Sunday, May 20, 2012

Random Thoughts: With this closet and a pile of clothes, I sometimes think that I was born to be a GUY.


I have an awful, disorganized and horrifying closet. 
Yes. I do not know why. I mean I always fold my clothes. I always hang them nicely but after a week, my closet and clothes would go back to their original state. 

I sometimes feel embarrassed when I see my BROTHER's room cleaner and more organized than mine. Well at least my room smells better than his (yeah! I am rationalizing).



Friday, May 18, 2012

Random Thoughts: Office catfights. Round 1. (Let us make 'parinig')

Argh. I would want to see a real catfight.

When women fight, we do not use our fists. We use the most powerful tool we have (not the vagina of course) - our TONGUE.

Well, admit it girls. When we hate somebody, we do not usually approach the person and say what we want to say. We use our tongue to make 'parinig'.
I was looking for an English term for the word 'parinig' but I couldn't find one.

For all of you Filipinas who have been living in your room for ages, 'parinig' is "INDIRECTLY" saying things you want to say (most oftenly AWFUL and rude things).
Lemme give a precise example.
Your officemate's breath smells like rotten cheese. If you do not have the guts to tell him "I guess you better make an appointment to the dentist since your mouth smells like awful." - you can use 'parinig'. Like whenever you pass his workstation, you can say: "Kelangan ko na magtoothbrush kasi mabaho ang hininga ko, ayoko magaya sa IBA DYAN NA BAD BREATH. - (I better brush my teeth because I don't wanna be like SOMEONE who has an awful breath.) referring to THAT person whose breath stinks. Or when you JUST HATE SOMEONE because of no apparent reason, you can do the 'parinig' stuff.

I hate how women (supposedly 'professionals') do that.

I sometimes wanna throw my office cup at those kind of people. They make the working environment so more stressful.

I just pity those pity who cannot say what they want to other people,, but instead they make 'parinig'.
Poor you girls, it's a sign of cowardice.

Next time, say it to me straight. If you cannot say it to me straight, then just stay where you are.
Or let's just make it fun, let's slap each other's faces - it'll be more fun.

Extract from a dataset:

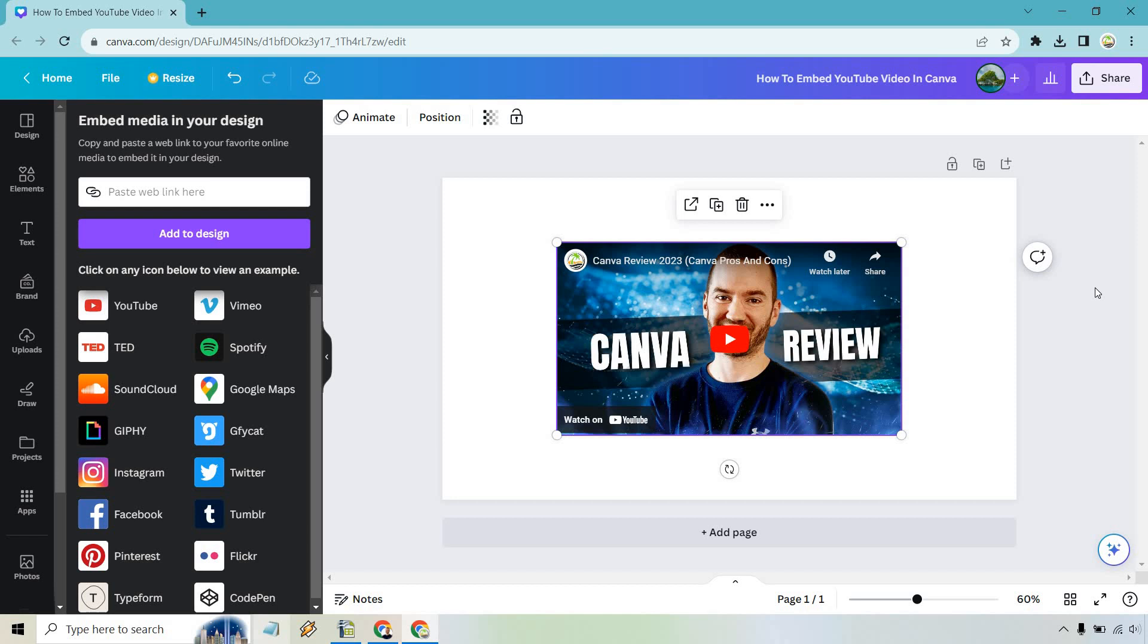I just used the blank one to show you, but if you have any questions, feel free to leave a comment down below. That's my tutorial about how to embed a YouTube video in Canva. Thank you so much for watching, and I will see you in my next video.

Picture from: http://howtomanup.wordpress.com/2012/03/19/gender-inequality-solution-for-dummies-gender-equality-man-up-manup-how-to-man-up-howtomanup-women-me/women-fighting-4/





Saturday, May 12, 2012

Random Thoughts: Goodbye Grolier :(

I am doing a research (as part of my part-time job). I have to do so many research that I had to stay in front of the computer for a long time and turn on the internet for the whole day. The deadline’s on Monday so I had to rush everything - researching,  reading, typing, editing, researching, reading, typing and editing (again and again).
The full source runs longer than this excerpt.